Real-time scanline benchmarks

A project log for PICO9918

A replacement for the classic TMS9918A/TMS9929A VDP, powered by a Raspberry Pi Pico (RP2040)

troy-schrapelTroy Schrapel 06/13/2024 at 07:570 Comments

Thought I'd do some initial real-time benchmarks - just to see how much wiggle room I have to implement more advanced features. It's looking quite good. 

These images will look bad, but bear with me. :D

What's happening here is I'm switching the VGA signal to output BLUE when it's done generating the next scanline. So, if it was at 100% generating scanlines, these images would look perfectly normal since it wouldn't have time to switch to BLUE. If the image was mostly blue, that means it has loads of time left to do more cool stuff.  Keep in mind, the VGA is at 640x480, so I'm doubling the scanline vertically for a virtual resolution of 640x240 (used to be 320x240, but switched to 640x240 to support 80 column mode). I generate a scanline once and use it twice. With that in mind, if I was using 50% of my single CPU core capacity to generate scanlines, you would see alternating lines: correct image, BLUE, correct image, BLUE, etc. 

Ok. that's the gist of it. Now here's the results: 

Graphics I - No sprites 


Using around 33% of the available scanline generation time. ie. It finishes around 2/3 of the way through the first pass of a doubled scanline. 



About the same: 33%. 

Mixed modes


 Here, you can see MC mode is the fastest.
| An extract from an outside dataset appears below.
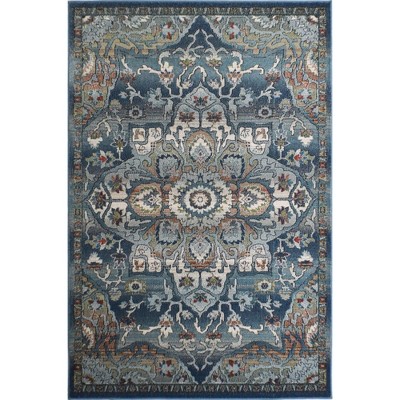 Rugs America Sela Jr50a Eclipse Transitional Vintage Blue Area Rug For ...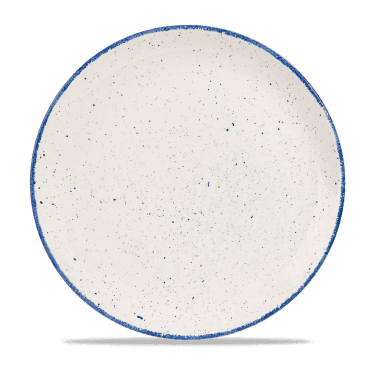 Stonecast Hints Indigo Evolve Coupe Plate 11 1/4" | Box of 12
Graphics II lagging a bit at roughly 40% of the available time used. 




Adding in sprites gets us a pinch over 50% of a scanline time used (hence the black appearing on the left where sprites appear). 

Anyway, all-in-all, I'm happy with the results. It means I have some room to move. For the most part, I could render the entire display twice (or more). I also haven't done much work to target my TMS9918A library to the Pico (was originally written for desktop use), so I'm sure there would be performance gains to be had by keeping the RP2040 in mind. Also, the scanline rendering is all taking place on a single CPU core. The second core is mostly twiddling its thumbs waiting for interrupts from the PIOs - I could allocate some work (such as the sprite layer) to that CPU core.